Diyelim ki Mayıs ayında Meclis basiretsiz davranarak ordunun ve kurumların tepkisine yol açacak. Ordu da basiretsiz davranarak siyasi tepki gösteriyor; mesela seçilen cumhurbaşkanını kutlamıyor, haftalık kabullere gitmiyor falan...
Yargı da bir basiretsizlik yapıyor, cumhurbaşkanı seçimini iptal ediyor!
Mayıs ayı içinde PKK terörü kırlarda ve şehirlerde patlıyor; Barzani destekliyor! Irak’ta iç savaş kızışıyor; İran-Irak-Lübnan-Körfez hattında militan bir Şiilik; buna karşı ABD destekli Ürdün-Mısır-Arabistan Sünni hattı!..
Petrol fiyatları Everest’in tepesine fırlıyor!
Türkiye’de Meclis, hükümet, ordu, yargı birbirine girmiş! Üstelik herkes seçim derdine dalmış!
Almanya’da Hitler yükselirken Fransa’nın hali; Raymond Aron’un deyişiyle:
“Fransa iyi yönetilmeye muhtaç olduğu bir sırada, bırakın kötü yönetilmeyi, hiç yönetilemiyordu.”
Öyle bir şey!..
Ülkenin yönetilmesi
Kritik dönemlerde çözüm üretecek mekanizmalar işlemez de her bir mekanizma öbürünü çelmelerse krizler felakete dönüşür. Yüzlerce yıllık tecrübeyle demokrasiler, böyle “yönetilemezlik” sorunuyla karşılaşmamak için tedbirler geliştirmiştir:
Ordu siyasete hiçbir surette karışamaz, ordu siyasi otoritenin emrindedir. Savunma görevini aksatmaması için de bu şarttır.
Yargı bir kanunun, bir kararın, bir seçimin, bir atamanın “yerinde” yani isabetli olup olmadığını denetleyemez. Sadece hukuka aykırılık olup olmadığına bakar.
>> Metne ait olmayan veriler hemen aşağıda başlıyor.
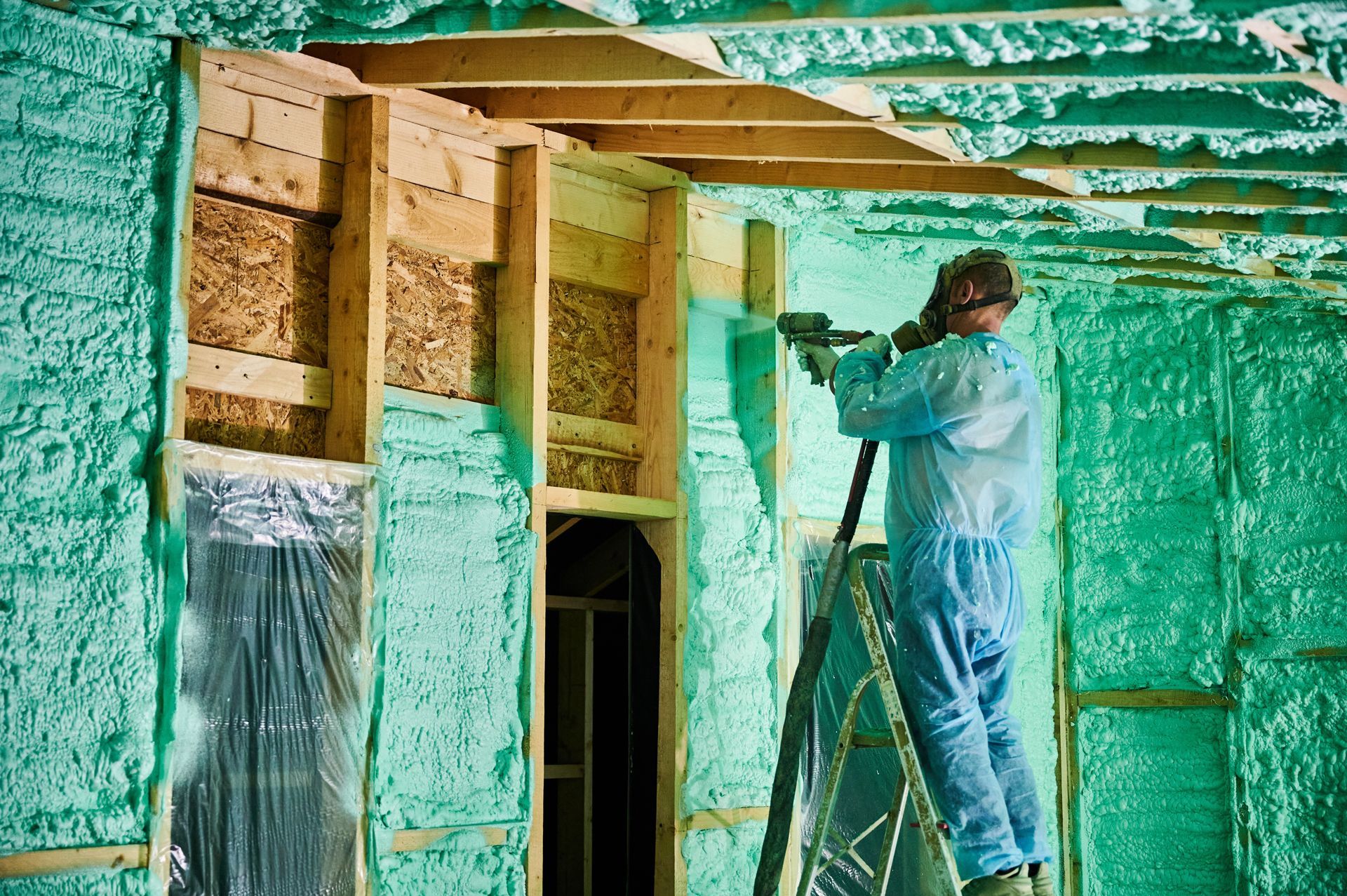 Person spraying green foam insulation inside a building frame, wearing protective gear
Siyaset siyasi hatalar, basiretsizlikler yapabilir, o zaman yoğun eleştirilere maruz kalır, cezasını da seçimlerde millet verir!
Çünkü siyasetin basiretsizliğini siyaset dışı kurumlar mesela ordu veya yargı düzeltmeye kalkarsa, “kötü yönetim”den de kötü olan “yönetilemezlik” veya “yönetmede kargaşa” ortaya çıkar.
Tarihin öğrettiği budur.
Ama Türkiye’de demokrasinin “yönetim” işlevi yeterince içselleştirilmediği için, hâlâ orduya davetiye çıkaran üniversite senatolarımız bile var!
Seçilmişler ve kurumlar
Meclis’in cumhurbaşkanı seçmek için evvela 376 üyenin katılımıyla toplanması gerektiğini, aksi halde Anayasa Mahkemesi’nin iptal edeceğini söylemek de yargıya siyasi işlev yüklemektir!
İyi bir hukukçu olan DYP’li dostum Ahmet İyimaya dikkatimi çekti. Danışma Meclisi’nde Anayasa Komisyonu sözcüsü Prof. Turgut Tan, toplantı ve karar yetersayılarını anlatırken, “bu Anayasa’nın toplantı için hiçbir özel toplantı yetersayısı öngörmediğini” söyleyerek anayasa koyucunun iradesini ortaya koymuştur! (Komisyon Tutanağı, sf. 271)
Meclis’te her konu için 184 milletvekiliyle toplantı açılır; af çıkarmak için de, cumhurbaşkanı seçmek için de gensoruyla hükümeti düşürmek için de böyle! Ama her birinin karar yetersayıları yüksektir!
Demokrasi, “kurumlar”ın siyasi iradeyi içine sindirmesini gerektirir. 1950’den beri bu konuda sorunlar yaşıyoruz. Ordunun siyasetteki rolü de, yargının “yerindelik” denetimi yoluyla siyasete müdahaleleri de bunun örnekleridir.
“Yöneten demokrasi” için:
Bir: ‘Kurumlar’ seçilmişleri içinde sindirmeli, ‘siyaseti düzeltme’ tavrından uzak durmalıdır.
İki: ‘Seçilmişler’ de yetkilerine tam sahip çıkmalı ama bu yetkilerin kullanımında ‘uzlaşma’ya, basiretli davranmaya özen göstermelidir.